During the trial in 2010, the jury heard complex legal and technological arguments about several different patents as well as several different technologies in which Apple allegedly used those patents. Judge Davis’ vacating the jury’s hefty award as against the weight of the evidence begs the question: is it possible for a jury to really understand complex patent cases and make awards accordingly?

The basic function of a jury is to determine questions of fact in a trial.  It matters not whether a jury has and understanding of how the law works, it only matters that the members of the jury can determine whether the plaintiff or defendant has met any burden of proof imposed upon them.

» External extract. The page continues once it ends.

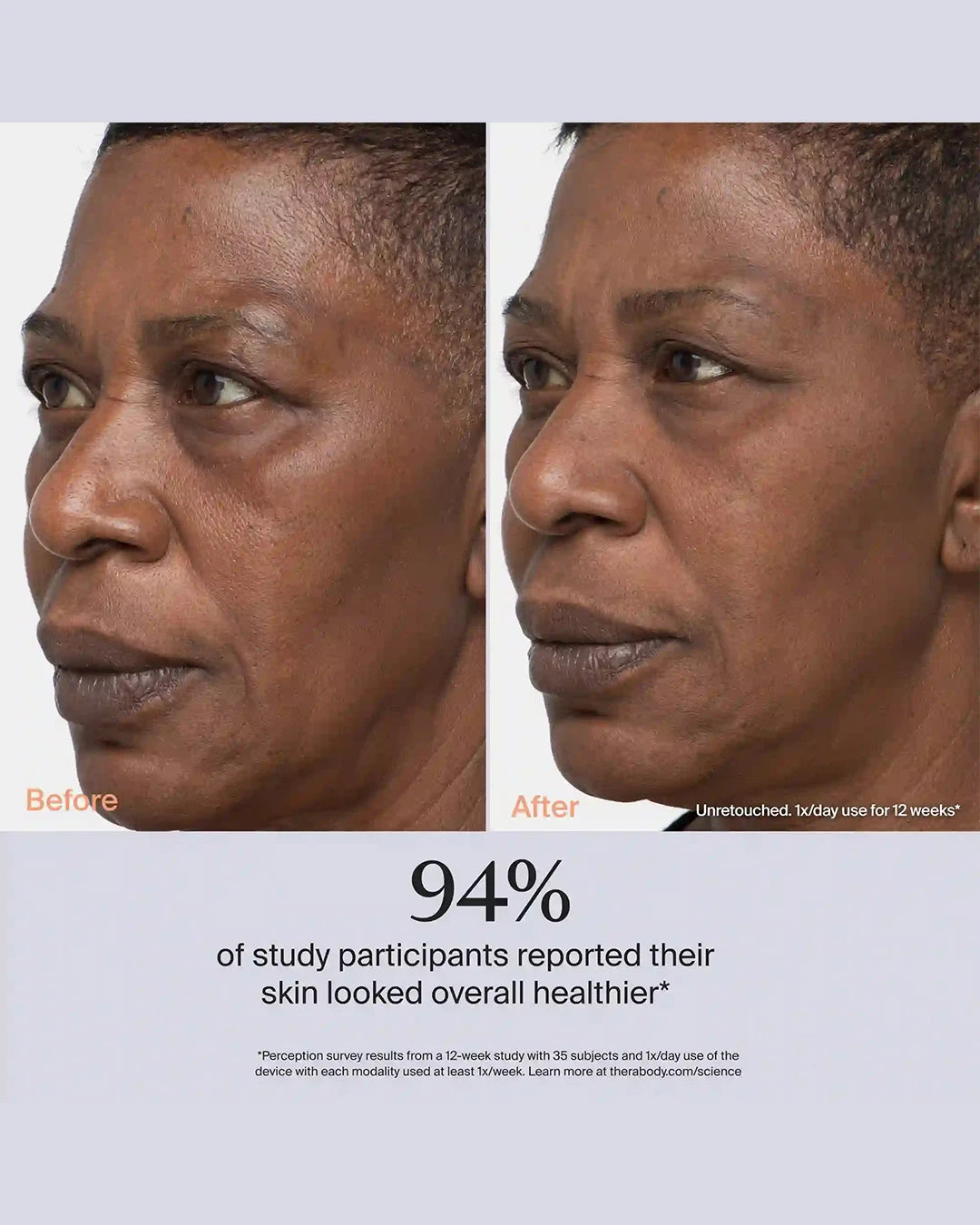 Before and after comparison of a woman's face with text indicating skin health improvement.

Yet in patent cases, where the facts to be determined by the jury are complex and technical, a lay jury may have difficulty in making such a determination.

Judge Davis offered some rare insight into his opinion of how a jury operates during a patent infringement trial.  

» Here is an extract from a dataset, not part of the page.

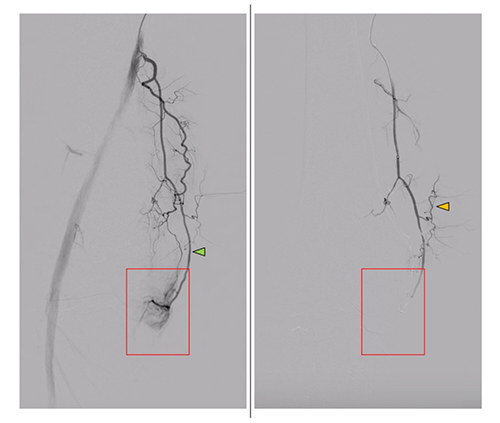Digital Subtraction Angiography Dsa Gae 673f5b7c2c15d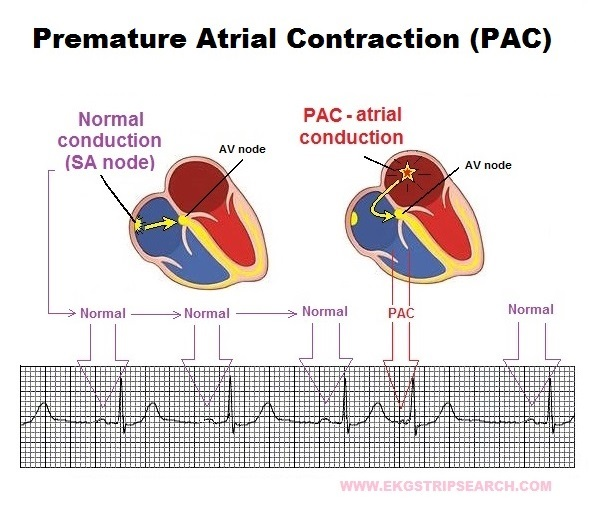 <p>management of premature atrial beats </p>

“The jury often relies on the representations of parties, who bear the burden of being accurate and complete and living up to the representations they make to the jury. No matter how attractive a party paints the facade of its case, it is worthless without the requisite foundational support. It is the Court's job to inspect that foundation, and where it has not been properly laid under the law, to set aside the verdict to protect the reliability of our jury system. In this case, Mirror Worlds may have painted an appealing picture for the jury, but it failed to lay a solid foundation sufficient to support important elements it was required to establish under the law.” [4]

Conclusion

Judge Davis gives the jury credit in that the issues it was required to decide were incredibly complex and technical, and places the burden on the Court to determine whether the proper legal foundation to support a claim has been laid. The jury can only do its job when it is presented with a case that it is legally able to decide. Here, the jury was apparently doomed when it began deliberating, as the evidence it was charged with weighing was not sufficient although it likely appeared as though it were to the jury. Judge Davis offered a word of caution to litigators in cases such as this one in the above-quoted text. The warning is not to attempt to put on a show for the jury in order to receive their verdict, because while you may succeed with the jury, the judge reviewing the case will make sure that the jury’s verdict is in accordance with the applicable legal burdens.



[1] Mirror Worlds LLC v. Apple Inc., 08cv88, U.S. District Court for the Eastern District of Texas.
[2] See Joy Techs. v. Flakt, Inc., 6 F.3d 770, 774-75.
[3] Mirror Worlds LLC v. Apple Inc., 08cv88, U.S. District Court for the Eastern District of Texas.
[4] Mirror Worlds LLC v. Apple Inc., 08cv88, U.S. District Court for the Eastern District of Texas.